In June 2009, the official results of the Iranian presidential election sparked huge controversy and allegations of fraud in the volatile nation. Iranians began protesting immediately, but the government suppressed many forms of protest, including certain online mediums of communication. The Iranian government did not suppress Twitter, however – and protesters flocked to it.

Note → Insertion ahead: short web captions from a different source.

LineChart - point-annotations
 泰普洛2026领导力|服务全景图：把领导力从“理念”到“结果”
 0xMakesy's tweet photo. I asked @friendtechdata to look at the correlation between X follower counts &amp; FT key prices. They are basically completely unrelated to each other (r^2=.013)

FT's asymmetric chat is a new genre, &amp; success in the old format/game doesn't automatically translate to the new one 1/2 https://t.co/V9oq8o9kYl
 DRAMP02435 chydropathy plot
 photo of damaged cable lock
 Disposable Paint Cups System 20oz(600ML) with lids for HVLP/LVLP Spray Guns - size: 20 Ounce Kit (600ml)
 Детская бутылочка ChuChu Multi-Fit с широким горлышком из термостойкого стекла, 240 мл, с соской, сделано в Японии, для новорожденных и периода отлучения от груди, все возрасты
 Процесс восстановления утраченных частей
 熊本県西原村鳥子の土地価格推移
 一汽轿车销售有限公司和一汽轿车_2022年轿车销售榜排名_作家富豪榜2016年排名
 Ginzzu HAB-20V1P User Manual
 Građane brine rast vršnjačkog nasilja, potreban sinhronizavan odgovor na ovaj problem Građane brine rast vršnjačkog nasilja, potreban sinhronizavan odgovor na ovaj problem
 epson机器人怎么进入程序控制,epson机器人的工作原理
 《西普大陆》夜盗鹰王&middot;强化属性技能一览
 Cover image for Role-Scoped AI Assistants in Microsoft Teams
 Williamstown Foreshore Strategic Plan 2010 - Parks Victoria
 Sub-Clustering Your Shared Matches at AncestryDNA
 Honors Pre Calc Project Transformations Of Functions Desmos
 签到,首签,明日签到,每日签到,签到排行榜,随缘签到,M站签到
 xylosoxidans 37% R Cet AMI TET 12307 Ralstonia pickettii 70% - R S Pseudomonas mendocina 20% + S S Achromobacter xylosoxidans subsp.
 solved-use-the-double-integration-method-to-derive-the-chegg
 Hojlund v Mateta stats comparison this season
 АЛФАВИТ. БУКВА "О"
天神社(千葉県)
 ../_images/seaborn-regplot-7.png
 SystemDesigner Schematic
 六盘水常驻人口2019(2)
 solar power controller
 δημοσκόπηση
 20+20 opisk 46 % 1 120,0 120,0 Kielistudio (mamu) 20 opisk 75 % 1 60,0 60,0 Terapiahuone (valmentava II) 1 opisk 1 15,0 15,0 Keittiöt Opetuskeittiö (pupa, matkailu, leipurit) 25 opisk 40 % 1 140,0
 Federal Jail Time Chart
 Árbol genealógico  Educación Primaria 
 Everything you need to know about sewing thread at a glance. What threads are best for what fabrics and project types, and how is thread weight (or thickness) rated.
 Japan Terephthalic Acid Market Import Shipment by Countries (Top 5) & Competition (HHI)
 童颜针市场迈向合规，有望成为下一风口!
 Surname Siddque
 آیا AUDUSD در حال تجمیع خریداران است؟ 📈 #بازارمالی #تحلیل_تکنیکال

Twitter’s high accessibility through mobile devices, its speed and ease of use, and its price – free – made it a convenient and popular choice for suppressed protesters. Outraged Iranians broadcasted their anger at being censored by the government, and they also relayed news of the violence taking place in their country to the rest of the world, in real time. While it was impossible to confirm the absolute truth of many of these tweets, they were some of the only instances of citizen communication during this unstable time period in Iran, making Twitter a much more valuable tool than most people ever imagined it would be.
The future of Twitter
In our fast-paced world, many popular technologies and Internet phenomena quickly turn into fads and then fade into oblivion. It’s unclear as of yet whether Twitter will join these ranks or not, but many are hopeful for the future of Twitter.
TIME.com published an article in 2009 titled “10 Ways Twitter Will Change American Business,” written by 24/7 Wall St. The article examines the possibilities for businesses, both local and national, to utilize the simple model of Twitter to reach out to potential customers. Already, companies including Whole Foods, Dell, Jet Blue and Starbucks have stepped into the Twitter universe.
Maddox also thinks Twitter’s popularity will last, mostly due to its simplicity. “It isn’t asking much for you to do but write what you think in under 140 characters,” she said.
The new definition of “tweet” may not be in Merriam-Webster’s dictionary quite yet, but with words like “frenemy,” “reggaetron” and “staycation” finding official recognition in 2009, it’s only a matter of time.